Voilà ce qu’ils m’ont dit, ceux qui connaissent l’âme ;
Je les crois, et j’attends la tempête et la flamme ;
Je cherche autour de moi, comme un homme averti,
Demandant à mon cœur : « N’ai-je donc rien senti ? »
Et comme, l’autre soir, quittant la causerie
D’une femme pudique et saintement chérie,
Heureux de son sourire et de ses doigts baisés,
Je revenais, la lèvre et le front embrasés ;
Comme, en mille détours, la flatteuse insomnie
Faisait luire à mes yeux son image bénie,
Et qu’à travers un bois, volant pour la saisir,
Mon âme se prenait aux ronces du désir,
Un moment j’espérai que, fondant sur sa proie.
Amour me déchirait, et j’en eus grande joie.
Mais tout s’évanouit bientôt dans le sommeil,
Et je ne sentais plus de blessure au réveil.

Amour, où donc es-tu ? descends, vautour sublime ;
J’étalerai mon cœur pour qu’il soit ta victime ;
Je t’ouvrirai ma veine et mon flanc tout fumant ;
Docile à ton essor, comme un crédule amant,
J’irai, j’irai partout où montera ton aile ;
Je chérirai sans fin ta morsure éternelle.

Tu me seras léger et doux, maître adoré !
Jamais gazon flétri, jamais sable altéré,
Jamais guerriers mourants dont la plaine est jonchée
N’ont plus avidement bu la pluie épanchée
Que moi, rôdant, la nuit, aux lieux les plus déserts,
Je ne boirai mes pleurs cuisants, mes pleurs amers.
Oui, même sans bonheur, même sans espérance.
Quelque passion folle, abîme de souffrance,
Quelque amour désastreux, fléau de tout devoir ;
Oui, pourvu qu’il déchaîne en moi tout son pouvoir.
Pourvu que bien avant dans ma chair il se plonge,
Qu’il aiguise mes jours et sans pitié me ronge ;
Qu’importe ? je l’accepte et je m’attache à lui.
Plus de fade langueur, de vague et mol ennui ;
La tempête, en soufflant dans une âme élargie.
Des hautes facultés rallume l’énergie ;
La foudre éclate en nous, et si l’homme est vaincu,
Avant de succomber, du moins il a vécu[1].


  1. « Dans tout le temps de ma belle jeunesse, j’ai toujours été ne désirant, n’appelant rien tant de mes vœux, n’adorant que la Passion sacrée. » (Pensées de Joseph Delorme.) Ç’a été le cri des enfants du siècle.

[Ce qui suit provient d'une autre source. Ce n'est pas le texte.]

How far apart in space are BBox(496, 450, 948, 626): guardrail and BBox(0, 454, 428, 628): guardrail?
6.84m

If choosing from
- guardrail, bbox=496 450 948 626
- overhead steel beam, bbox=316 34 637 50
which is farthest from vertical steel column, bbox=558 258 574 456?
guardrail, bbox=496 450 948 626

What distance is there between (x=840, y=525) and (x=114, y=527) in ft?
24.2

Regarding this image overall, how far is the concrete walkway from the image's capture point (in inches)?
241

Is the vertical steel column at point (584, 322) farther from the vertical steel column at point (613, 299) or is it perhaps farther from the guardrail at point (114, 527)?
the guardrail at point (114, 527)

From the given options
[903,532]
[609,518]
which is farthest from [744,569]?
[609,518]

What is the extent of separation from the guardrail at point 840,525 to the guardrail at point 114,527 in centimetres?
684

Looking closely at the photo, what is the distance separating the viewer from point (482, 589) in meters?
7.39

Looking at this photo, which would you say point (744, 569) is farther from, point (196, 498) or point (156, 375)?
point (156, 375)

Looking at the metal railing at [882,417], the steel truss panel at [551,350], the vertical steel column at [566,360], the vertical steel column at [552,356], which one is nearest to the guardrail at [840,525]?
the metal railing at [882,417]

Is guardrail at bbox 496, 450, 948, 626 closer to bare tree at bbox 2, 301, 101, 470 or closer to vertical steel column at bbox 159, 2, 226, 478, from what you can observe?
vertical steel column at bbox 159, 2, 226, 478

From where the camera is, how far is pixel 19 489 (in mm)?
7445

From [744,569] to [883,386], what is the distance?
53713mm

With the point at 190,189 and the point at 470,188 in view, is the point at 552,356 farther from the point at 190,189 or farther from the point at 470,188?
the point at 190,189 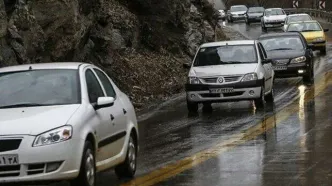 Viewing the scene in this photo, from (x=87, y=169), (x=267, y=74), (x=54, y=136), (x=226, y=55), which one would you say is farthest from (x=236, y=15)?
(x=54, y=136)

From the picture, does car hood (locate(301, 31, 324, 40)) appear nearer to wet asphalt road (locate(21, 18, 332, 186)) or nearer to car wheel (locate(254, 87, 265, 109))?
wet asphalt road (locate(21, 18, 332, 186))

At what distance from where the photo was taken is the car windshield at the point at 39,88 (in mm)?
9523

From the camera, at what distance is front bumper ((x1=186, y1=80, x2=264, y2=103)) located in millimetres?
19219

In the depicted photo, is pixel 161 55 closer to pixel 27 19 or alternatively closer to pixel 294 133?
pixel 27 19

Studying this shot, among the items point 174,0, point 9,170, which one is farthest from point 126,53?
point 9,170

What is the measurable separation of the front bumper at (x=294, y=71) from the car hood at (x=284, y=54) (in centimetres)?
44

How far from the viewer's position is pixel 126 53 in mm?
26688

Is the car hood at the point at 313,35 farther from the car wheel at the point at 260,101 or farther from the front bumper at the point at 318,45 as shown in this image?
the car wheel at the point at 260,101

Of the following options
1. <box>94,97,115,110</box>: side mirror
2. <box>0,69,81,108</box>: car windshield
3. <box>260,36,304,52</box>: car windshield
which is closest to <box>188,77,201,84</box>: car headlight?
<box>260,36,304,52</box>: car windshield

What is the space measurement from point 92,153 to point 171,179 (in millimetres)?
1508

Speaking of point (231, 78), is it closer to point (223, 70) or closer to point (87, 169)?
point (223, 70)

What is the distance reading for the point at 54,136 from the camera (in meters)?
8.58


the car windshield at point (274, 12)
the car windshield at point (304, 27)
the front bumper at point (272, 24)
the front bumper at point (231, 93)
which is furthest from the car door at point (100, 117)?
the car windshield at point (274, 12)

Poésie et morale régulière ne vont guère ensemble. Il y a longtemps que Montaigne a dit : « Et moi je suis de ceux qui tiennent que la poésie ne rit point ailleurs comme elle fait en un sujet folâtre et déréglé. » Mais il le disait gaiement, et nos enfants du siècle, ces neveux de René, l’ont dit au sérieux et sans rire, avec une sorte d’acharnement.